• [TASK]: Once you have located the line containing "Worth Airport North" in the material below, return it exactly along with each line after it through the line containing "Spacious 3 Bedroom".

• [SOURCE DATA]:
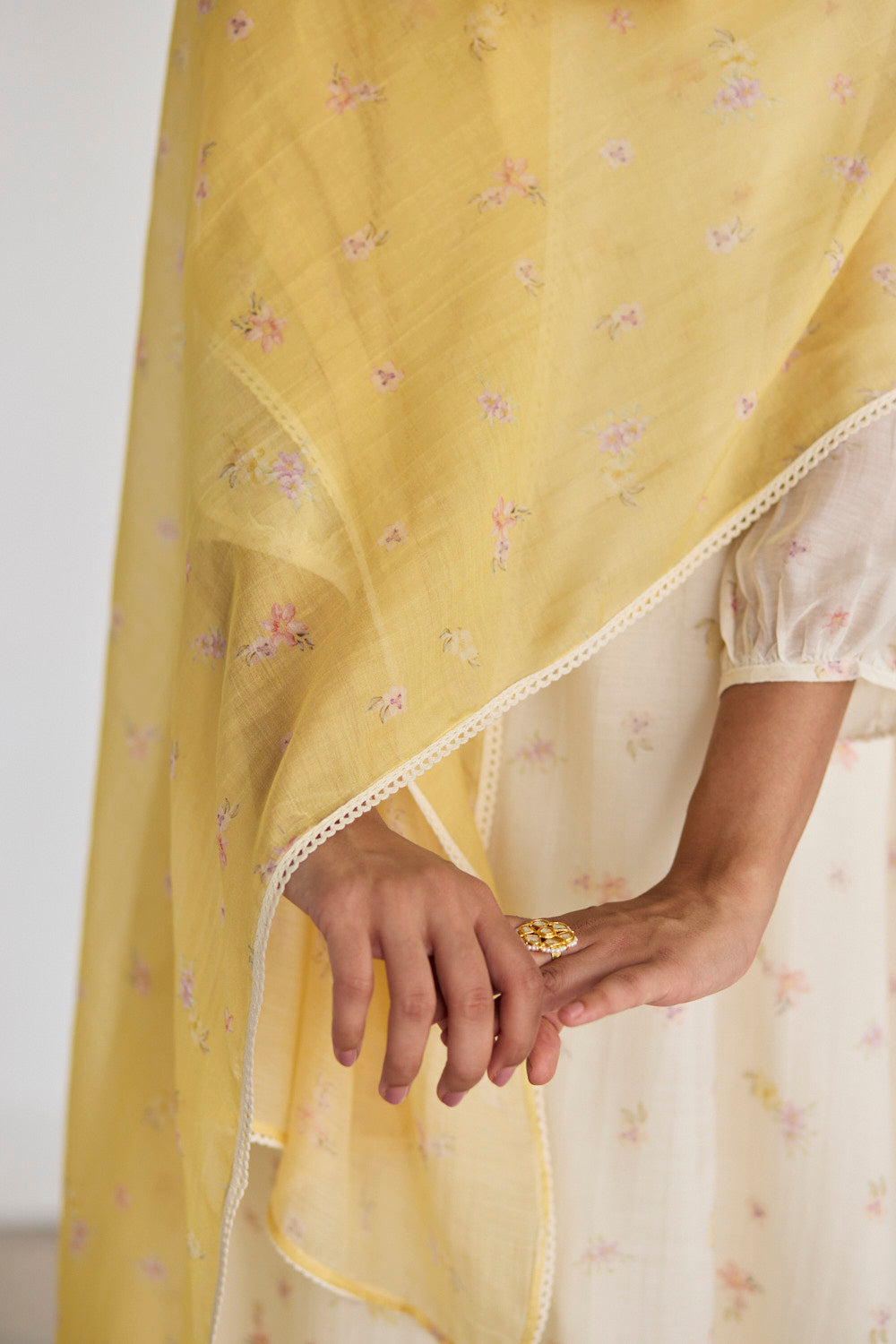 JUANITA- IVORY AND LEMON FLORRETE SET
...
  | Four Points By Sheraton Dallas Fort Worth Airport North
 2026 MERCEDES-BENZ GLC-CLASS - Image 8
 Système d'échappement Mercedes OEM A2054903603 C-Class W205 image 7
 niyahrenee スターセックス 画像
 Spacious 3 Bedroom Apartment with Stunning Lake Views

• [EXERCISE ANSWER]:
  | Four Points By Sheraton Dallas Fort Worth Airport North
 2026 MERCEDES-BENZ GLC-CLASS - Image 8
 Système d'échappement Mercedes OEM A2054903603 C-Class W205 image 7
 niyahrenee スターセックス 画像
 Spacious 3 Bedroom Apartment with Stunning Lake Views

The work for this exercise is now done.